Sky Betting & Gaming is pulling the plug on its affiliate marketing programme just days after claims that some affiliate sites are deliberately pushing long-odds bets as they can earn huge commission from bookmakers on the losses their followers make.
According to a Guardian investigation, affiliates have a vested interest in seeing their tips lose because they take up to a 30% cut of the losses.
Affiliates have become one of the main ways for online casinos and bookmakers to gain new customers since the cost of conventional pay-per-click advertising has risen sharply in recent years.

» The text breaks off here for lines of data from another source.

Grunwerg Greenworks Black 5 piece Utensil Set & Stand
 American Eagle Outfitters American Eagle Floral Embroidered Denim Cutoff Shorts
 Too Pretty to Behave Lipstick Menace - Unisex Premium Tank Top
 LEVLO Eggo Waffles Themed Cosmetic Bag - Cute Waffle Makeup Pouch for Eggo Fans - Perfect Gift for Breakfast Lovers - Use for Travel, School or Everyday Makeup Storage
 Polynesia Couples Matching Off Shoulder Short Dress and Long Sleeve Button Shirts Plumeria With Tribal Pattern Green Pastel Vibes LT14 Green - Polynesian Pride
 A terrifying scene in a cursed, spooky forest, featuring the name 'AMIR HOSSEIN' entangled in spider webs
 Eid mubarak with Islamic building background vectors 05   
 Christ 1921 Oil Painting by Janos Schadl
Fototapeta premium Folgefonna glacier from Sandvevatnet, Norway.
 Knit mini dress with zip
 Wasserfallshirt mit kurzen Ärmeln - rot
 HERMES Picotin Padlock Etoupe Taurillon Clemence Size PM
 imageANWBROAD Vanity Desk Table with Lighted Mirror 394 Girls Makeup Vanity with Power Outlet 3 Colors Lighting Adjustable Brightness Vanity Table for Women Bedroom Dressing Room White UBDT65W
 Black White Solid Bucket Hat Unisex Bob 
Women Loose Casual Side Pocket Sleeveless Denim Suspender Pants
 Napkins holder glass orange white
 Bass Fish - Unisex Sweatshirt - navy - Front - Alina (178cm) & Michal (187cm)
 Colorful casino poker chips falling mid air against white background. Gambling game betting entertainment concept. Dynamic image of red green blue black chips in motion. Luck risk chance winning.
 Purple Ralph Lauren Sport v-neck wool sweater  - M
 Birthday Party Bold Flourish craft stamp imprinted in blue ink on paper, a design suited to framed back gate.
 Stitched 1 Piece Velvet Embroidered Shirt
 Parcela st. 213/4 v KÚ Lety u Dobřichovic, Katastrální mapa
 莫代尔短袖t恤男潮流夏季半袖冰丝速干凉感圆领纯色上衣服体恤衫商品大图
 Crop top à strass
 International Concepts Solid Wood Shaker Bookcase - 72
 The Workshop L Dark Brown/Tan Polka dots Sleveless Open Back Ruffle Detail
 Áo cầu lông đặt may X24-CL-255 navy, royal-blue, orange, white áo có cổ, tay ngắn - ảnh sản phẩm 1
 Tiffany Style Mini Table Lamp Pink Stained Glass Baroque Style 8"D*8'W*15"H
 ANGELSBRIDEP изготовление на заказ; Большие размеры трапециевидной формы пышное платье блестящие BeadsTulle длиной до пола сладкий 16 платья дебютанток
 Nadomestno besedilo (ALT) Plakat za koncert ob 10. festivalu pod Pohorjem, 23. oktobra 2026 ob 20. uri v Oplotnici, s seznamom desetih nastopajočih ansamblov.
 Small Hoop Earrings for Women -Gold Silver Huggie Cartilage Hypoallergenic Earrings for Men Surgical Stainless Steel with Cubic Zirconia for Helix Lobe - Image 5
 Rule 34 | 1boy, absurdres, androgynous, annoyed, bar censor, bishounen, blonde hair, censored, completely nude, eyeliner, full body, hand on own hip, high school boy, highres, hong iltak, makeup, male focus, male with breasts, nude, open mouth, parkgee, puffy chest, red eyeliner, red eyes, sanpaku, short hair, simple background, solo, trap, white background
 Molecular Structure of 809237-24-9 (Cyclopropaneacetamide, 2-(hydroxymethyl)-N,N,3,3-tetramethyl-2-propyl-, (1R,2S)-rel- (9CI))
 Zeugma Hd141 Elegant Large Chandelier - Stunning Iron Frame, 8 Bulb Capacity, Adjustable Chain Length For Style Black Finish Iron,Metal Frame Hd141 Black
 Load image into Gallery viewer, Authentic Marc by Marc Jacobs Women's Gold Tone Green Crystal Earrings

Set up in 2001, the company operates five core brands, SkyBet, SkyVegas, SkyCasino, SkyPoker and SkyBingo and is majority owned by CVC Capital Partners, with Sky holding a 20% stake.
Although the firm was not named in the Guardian report, it claims the move has been sparked by “growing regulatory concerns” over practices in the sector.
All commission and player referrals with its existing affiliate marketing partners will cease from October 2, with the firm asking its partners to remove all marketing materials from their websites.
In a statement, the company said: “The regulatory landscape in which the industry operates is developing and maturing and operators are experiencing increased obligations regarding their regulatory responsibilities and level of compliance.
“In order to continue to operate in a compliant manner, we feel that operating the programme is no longer viable and that managing the output of affiliates presents a significant risk to our business from a regulatory perspective. It is for this reason that we have chosen to terminate the programme.”
Pressure has been growing on the Government to clamp down on the gaming industry – which is self-regulated – for months. There have also been claims that companies are using third-party data providers to target punters on lower incomes.
Online betting firm 888 was last week fined a record £7.8m after a Gambling Commission investigation found that more than 7,000 of its users who had voluntarily banned themselves from gambling were still able to access their accounts. One customer was allowed to make 850,000 bets worth £1.3m in one year, using money stolen from their employer.